The Divine Comedy – Songs of Love
Divine Comedy’s musical arrangements are generally spellbinding. So too are their lyrics, which are sometimes dark, sometimes light, but always intelligent and considered. When penning songs and creating arrangements they provide powerful inspiration.
David Keenan – The Friary
A mercurial talent who combines a plethora of influences when penning his incredible songs and lyrics. His ability for phrasing and raw delivery of a simple message makes him an important Irish artist for now and for the future.
The Staves – Blood I Bled
The masters of the three-part harmony. In this track they display a haunting vibe and deliver a rousing build up full of voice and daring instrumentation. Build-ups and harmonies are a fairly regular feature of our song writing, and this is a track we’ve enjoyed immensely.
Radiohead – Nude
This track shows Radiohead at their most epic- the way this track swells and builds is simply incredible. Every aspect of this song is pretty much perfection, from the throbbing bass line, to the simple, hypnotic beat and cleverly produced vocals, it’s a joy to listen to, particularly with headphones on.
Malojian – What Am I Worth
One of our most celebrated local artists who is wonderfully prolific and consistent. In this track Malojian conveys an emotional and heartfelt story against a backdrop of graceful and refined musicianship. He brings the listener on a vivid journey, a feat every good song should aim to accomplish.

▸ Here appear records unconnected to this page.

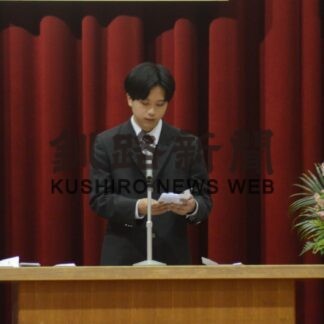 「歴史、伝統を引き継ぐ」　釧路商業高校７０周年式典【釧路市】(2023-10-24)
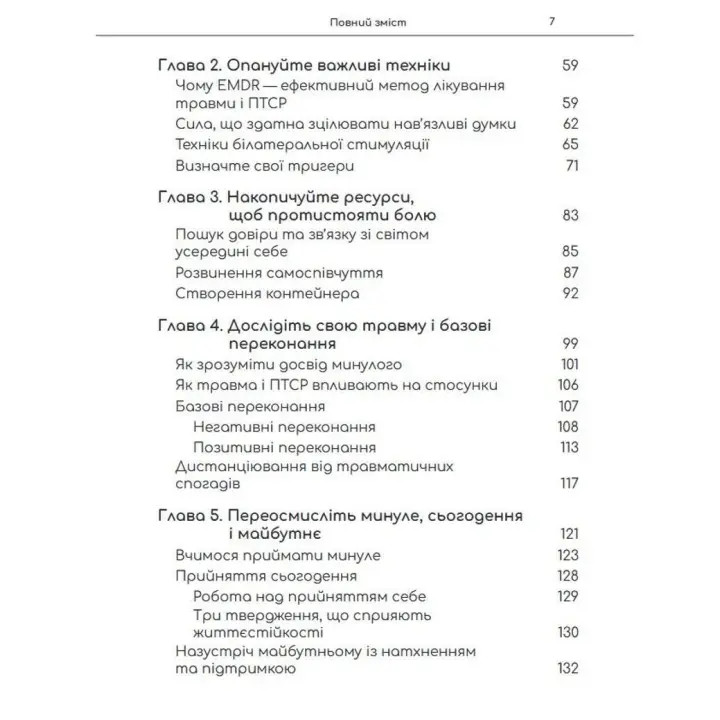 Подолання травм і ПТСР за допомогою EMDR: як керувати тригерами, пережити травматичні спогади та повернутися до нормального життя. Робочий зошит. Меган Бордман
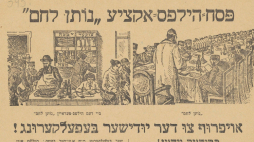 Ulotka zachęcająca do udziału w akcji pomocy najbiedniejszym na święto Pesach, 1929 r./Polona.pl/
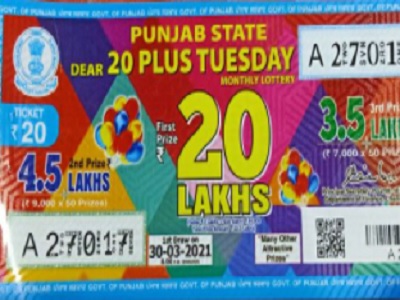 Punjab Dear 20 Plus Lottery Result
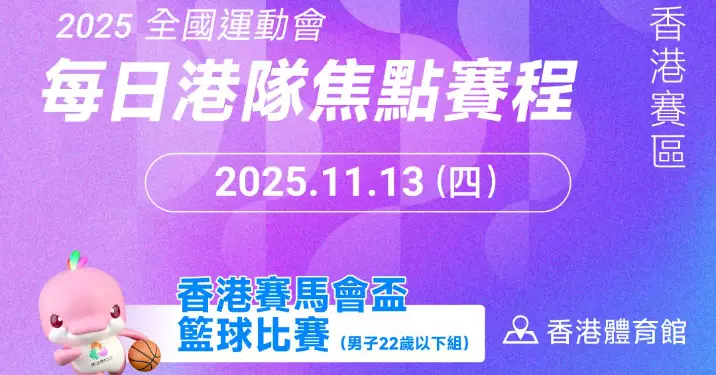 全運會香港賽區11月13日港隊焦點賽程
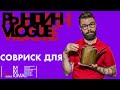 Зачем я пошёл учиться в Свободные Мастерские? / РЫНДИН VLOGUE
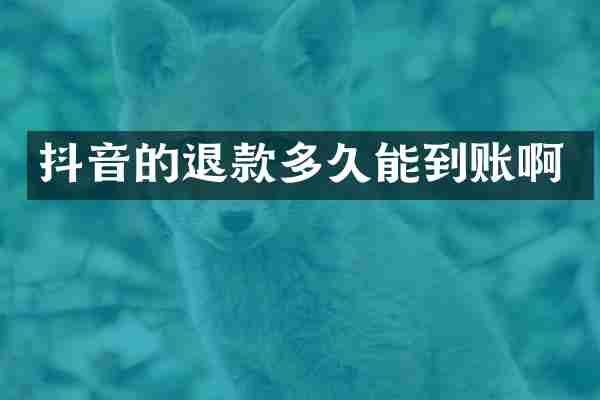 抖音的退款多久能到账啊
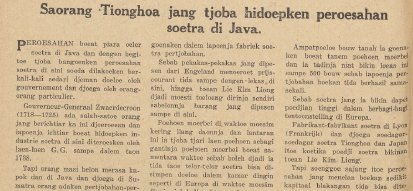 Koran Sin Po 1 Desember 1928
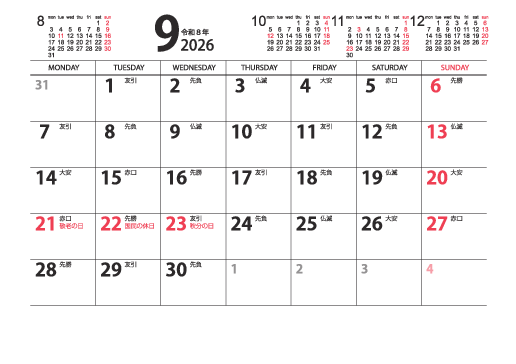 9月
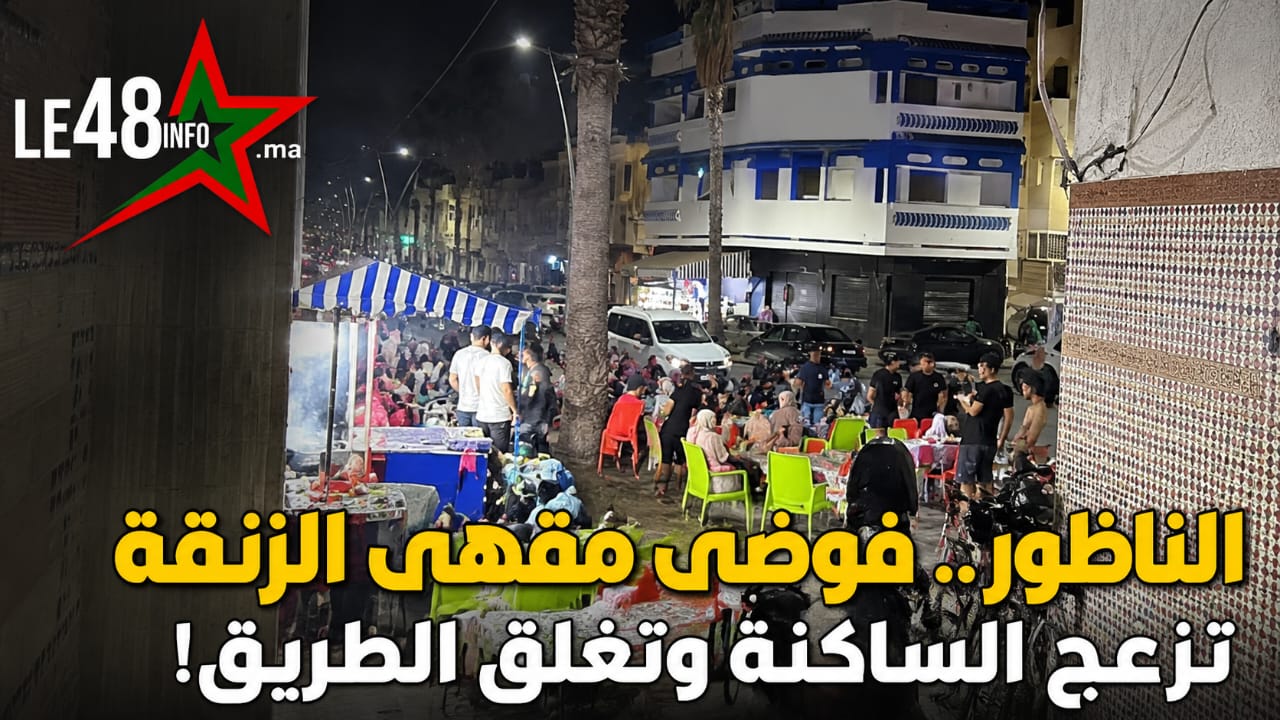 الناظور.. شكايات متجددة من حي أولاد إبراهيم تعيد النقاش حول جودة التهيئة الحضرية واحترام راحة الساكنة 1 IMG 20260713 WA0004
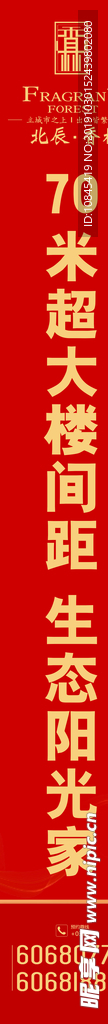 地产道旗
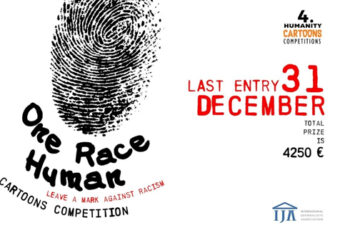4. uluslararası Humanity Cartoons karikatür yarışması: Konu ‘Irkçılık’, slogan ‘Tek Irk: İnsan’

Joshua Burnside – The Unrequited Kind
Joshua is rightly regarded as one of the finest songwriters in Ireland at present. In this track he delivers a self-deprecating, humorous and witty account of an event from the past. In ‘Blink of an Eye’ there is a strong ‘tongue in cheek’ approach to the lyrics, which we hope comes through for the listener. We look forward to hearing his forthcoming album.
Ports – The Devil is a Songbird
As a live band these guys are sensational. They have this uncanny knack of creating space in their tracks so that each note played by each musician is audible and essential. As a live act, we view them as the benchmark for excellence, and where we ultimately strive to get to.
Arborist – A Man of My Age
One of the standout tracks from a memorable debut record by Arborist. The lyrics cut deep and probably hold a mirror up to the thoughts, doubts and aspirations of many adult males in today’s society. We could have chosen a number of tracks from this record but feel this one really strikes a chord on a personal level.
Andy Irvine – West Coast of Clare
“Sorrow and sadness, bitterness, grief”- the opening line – aptly sets the tone for this wistful and beautiful song; the first that Andy wrote. Although this song was written about County Clare, Irvine has ties to County Antrim ties with “The Girl from Cushendun” and “Ye Ramblin’ Boys of Pleasure” being notable favourites from his vast and enchanting repertoire – a true inspiration!